▸ **TASK**: Print the listing exactly, but only as far as the line containing "Ratius Creolen aus goldplattiertem Silber". The first line and that line are both included.

▸ **EXERCISE DATA**:

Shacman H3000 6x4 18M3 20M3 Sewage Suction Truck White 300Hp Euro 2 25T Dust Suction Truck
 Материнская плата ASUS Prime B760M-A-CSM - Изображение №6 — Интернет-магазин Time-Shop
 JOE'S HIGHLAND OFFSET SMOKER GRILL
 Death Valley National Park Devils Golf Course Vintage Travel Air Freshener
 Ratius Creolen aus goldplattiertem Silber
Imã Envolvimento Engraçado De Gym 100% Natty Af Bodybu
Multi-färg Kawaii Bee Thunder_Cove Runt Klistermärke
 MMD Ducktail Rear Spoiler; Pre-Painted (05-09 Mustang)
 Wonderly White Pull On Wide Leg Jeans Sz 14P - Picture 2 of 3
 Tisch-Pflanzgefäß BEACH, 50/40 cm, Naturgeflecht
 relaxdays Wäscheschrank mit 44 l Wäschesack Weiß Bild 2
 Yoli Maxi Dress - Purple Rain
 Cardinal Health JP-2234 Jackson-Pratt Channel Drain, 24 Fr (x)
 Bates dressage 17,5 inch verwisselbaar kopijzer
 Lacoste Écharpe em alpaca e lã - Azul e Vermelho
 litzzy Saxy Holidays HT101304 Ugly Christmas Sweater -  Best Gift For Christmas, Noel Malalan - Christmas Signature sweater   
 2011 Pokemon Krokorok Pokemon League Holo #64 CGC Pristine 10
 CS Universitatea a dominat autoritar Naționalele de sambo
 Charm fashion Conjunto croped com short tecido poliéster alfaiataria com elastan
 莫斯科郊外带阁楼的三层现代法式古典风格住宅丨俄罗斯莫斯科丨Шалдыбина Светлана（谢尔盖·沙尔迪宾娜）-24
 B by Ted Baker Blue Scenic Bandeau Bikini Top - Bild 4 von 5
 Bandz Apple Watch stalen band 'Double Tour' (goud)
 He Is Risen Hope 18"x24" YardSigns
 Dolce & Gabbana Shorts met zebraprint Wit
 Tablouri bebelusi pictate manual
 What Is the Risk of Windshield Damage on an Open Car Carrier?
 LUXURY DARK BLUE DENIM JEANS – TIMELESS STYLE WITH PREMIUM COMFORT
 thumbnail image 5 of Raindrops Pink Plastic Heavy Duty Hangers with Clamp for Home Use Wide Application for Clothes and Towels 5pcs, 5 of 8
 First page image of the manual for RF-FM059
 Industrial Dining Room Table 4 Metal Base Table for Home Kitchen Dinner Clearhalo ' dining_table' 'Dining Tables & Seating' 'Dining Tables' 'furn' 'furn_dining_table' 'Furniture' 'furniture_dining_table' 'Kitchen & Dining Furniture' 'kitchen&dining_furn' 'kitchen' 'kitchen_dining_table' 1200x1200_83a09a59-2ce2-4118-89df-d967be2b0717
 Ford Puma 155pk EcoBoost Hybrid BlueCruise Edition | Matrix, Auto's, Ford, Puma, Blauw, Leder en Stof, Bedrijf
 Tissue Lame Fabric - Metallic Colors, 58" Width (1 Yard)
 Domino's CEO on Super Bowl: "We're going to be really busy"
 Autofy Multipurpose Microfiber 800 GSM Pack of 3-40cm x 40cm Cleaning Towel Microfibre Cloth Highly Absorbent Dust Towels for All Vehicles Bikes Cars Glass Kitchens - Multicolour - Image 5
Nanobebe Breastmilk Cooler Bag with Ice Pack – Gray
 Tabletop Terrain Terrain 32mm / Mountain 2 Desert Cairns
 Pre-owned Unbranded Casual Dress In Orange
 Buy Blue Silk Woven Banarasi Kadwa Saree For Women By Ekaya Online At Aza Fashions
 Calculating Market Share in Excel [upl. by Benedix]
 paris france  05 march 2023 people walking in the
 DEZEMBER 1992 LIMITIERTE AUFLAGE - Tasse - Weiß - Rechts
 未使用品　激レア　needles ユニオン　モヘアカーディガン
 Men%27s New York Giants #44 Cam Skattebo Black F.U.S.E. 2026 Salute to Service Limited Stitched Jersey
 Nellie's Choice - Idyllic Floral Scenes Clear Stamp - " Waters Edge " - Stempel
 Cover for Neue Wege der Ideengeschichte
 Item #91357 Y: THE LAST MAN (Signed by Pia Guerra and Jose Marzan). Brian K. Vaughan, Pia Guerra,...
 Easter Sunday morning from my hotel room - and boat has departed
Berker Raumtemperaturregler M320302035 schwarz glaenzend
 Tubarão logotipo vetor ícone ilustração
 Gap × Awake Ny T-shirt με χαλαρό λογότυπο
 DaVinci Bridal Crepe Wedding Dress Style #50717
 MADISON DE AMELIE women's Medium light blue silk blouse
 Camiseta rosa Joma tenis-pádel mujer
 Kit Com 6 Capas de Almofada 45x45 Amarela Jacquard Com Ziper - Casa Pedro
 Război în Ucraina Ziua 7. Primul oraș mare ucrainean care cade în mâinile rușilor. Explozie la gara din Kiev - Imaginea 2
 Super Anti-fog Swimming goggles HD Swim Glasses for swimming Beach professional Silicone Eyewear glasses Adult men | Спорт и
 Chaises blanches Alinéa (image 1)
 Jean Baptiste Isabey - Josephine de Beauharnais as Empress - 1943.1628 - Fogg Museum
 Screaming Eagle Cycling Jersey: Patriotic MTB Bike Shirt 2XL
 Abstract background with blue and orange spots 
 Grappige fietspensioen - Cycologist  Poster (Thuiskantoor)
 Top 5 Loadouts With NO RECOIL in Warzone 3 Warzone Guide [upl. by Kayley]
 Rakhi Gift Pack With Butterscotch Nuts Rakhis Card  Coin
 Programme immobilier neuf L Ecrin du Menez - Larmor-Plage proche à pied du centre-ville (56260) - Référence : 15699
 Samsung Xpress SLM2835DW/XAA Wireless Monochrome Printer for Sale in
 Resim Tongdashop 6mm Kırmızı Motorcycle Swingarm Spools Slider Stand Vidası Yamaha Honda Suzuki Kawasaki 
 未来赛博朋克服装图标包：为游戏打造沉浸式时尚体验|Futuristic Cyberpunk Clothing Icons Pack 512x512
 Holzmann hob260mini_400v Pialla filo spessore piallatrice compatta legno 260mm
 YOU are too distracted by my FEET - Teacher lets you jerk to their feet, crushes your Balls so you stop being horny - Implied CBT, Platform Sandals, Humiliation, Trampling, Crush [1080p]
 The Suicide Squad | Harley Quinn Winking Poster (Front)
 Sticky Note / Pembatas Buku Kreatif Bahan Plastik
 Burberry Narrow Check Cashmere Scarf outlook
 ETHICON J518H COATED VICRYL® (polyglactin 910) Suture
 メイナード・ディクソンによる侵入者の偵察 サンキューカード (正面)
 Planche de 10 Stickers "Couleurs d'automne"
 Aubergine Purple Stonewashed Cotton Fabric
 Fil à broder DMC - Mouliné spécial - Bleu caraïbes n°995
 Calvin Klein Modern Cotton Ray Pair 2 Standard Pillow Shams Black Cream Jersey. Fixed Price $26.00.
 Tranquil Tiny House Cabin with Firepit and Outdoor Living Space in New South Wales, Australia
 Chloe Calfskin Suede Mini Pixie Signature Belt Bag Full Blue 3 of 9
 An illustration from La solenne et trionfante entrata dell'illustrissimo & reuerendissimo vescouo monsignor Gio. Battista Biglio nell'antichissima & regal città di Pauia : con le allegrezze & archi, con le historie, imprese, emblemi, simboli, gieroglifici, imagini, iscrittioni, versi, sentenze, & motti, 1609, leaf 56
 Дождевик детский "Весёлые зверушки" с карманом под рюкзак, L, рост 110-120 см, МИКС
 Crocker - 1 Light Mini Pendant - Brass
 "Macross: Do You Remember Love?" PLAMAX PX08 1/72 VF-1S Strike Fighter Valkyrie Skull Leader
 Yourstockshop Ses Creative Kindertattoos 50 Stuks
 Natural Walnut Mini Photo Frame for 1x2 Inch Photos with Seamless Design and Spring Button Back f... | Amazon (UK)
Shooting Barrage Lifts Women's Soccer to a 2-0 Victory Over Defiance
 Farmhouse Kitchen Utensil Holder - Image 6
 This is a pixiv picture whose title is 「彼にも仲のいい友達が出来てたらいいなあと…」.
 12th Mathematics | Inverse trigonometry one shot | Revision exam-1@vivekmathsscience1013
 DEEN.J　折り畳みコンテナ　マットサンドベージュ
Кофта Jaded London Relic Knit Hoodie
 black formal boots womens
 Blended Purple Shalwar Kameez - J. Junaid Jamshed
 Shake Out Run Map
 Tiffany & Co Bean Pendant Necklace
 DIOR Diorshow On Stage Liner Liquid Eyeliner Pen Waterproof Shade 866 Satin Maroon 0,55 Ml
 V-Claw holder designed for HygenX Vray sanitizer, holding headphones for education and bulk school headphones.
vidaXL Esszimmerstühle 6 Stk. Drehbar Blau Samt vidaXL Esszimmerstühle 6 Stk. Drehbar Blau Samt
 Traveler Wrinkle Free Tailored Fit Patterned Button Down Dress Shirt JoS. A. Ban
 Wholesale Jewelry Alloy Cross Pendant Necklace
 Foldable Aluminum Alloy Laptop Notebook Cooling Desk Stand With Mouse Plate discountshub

▸ **TASK OUTPUT**:
Shacman H3000 6x4 18M3 20M3 Sewage Suction Truck White 300Hp Euro 2 25T Dust Suction Truck
 Материнская плата ASUS Prime B760M-A-CSM - Изображение №6 — Интернет-магазин Time-Shop
 JOE'S HIGHLAND OFFSET SMOKER GRILL
 Death Valley National Park Devils Golf Course Vintage Travel Air Freshener
 Ratius Creolen aus goldplattiertem Silber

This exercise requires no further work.